Global Illumination

Global illumination (GI) refers to rendering algorithms that simulate indirect lighting — the way light bounces between surfaces in a scene, illuminating areas that aren't directly lit by a light source. It's the difference between a scene that looks like a video game and one that looks like a photograph. Without GI, shadows are pure black, interiors lack ambient light, and colored surfaces don't bleed their hue onto neighboring objects.

The physics is straightforward: photons bounce. A red wall reflects red light onto a white floor. Sunlight enters a window and scatters through a room. Every surface becomes a secondary light source. Simulating this accurately requires solving the rendering equation — an integral over all possible light paths in a scene — which is computationally intractable for real-time applications.

Offline renderers (used in film and architecture) solve this through path tracing: firing millions of virtual rays and tracking their bounces. Pixar, ILM, and Weta use path tracing for feature films, where a single frame can take minutes to hours to render.
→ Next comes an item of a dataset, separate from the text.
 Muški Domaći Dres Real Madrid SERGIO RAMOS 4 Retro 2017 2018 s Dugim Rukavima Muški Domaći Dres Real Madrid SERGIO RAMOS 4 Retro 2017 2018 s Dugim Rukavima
The results are physically accurate but far too slow for interactive use.

Real-time GI has historically relied on approximations. Lightmaps pre-bake indirect lighting into textures — fast to render but static, unable to respond to moving objects or changing time of day. Light probes sample the environment at discrete points. Screen-space GI estimates bounced light from what's visible on screen, missing contributions from off-screen geometry.

The breakthrough in real-time GI came with hardware-accelerated ray tracing, introduced by NVIDIA's RTX architecture in 2018. Dedicated RT cores on the GPU trace rays in real time, enabling limited but convincing indirect lighting. Unreal Engine 5's Lumen system combines multiple GI techniques — screen-space tracing, signed distance fields, and hardware ray tracing — to provide fully dynamic global illumination at interactive frame rates. This was a landmark: for the first time, large-scale open worlds could have realistic bounced lighting without pre-computation.

Neural approaches are the next frontier. Neural rendering techniques use trained networks to denoise sparse ray-traced samples or to predict indirect lighting from learned priors. NVIDIA's DLSS (Deep Learning Super Sampling) already uses AI to reconstruct high-resolution frames from lower-resolution ray-traced inputs. The convergence of GPU computing, AI inference, and traditional graphics is making photorealistic real-time rendering increasingly accessible.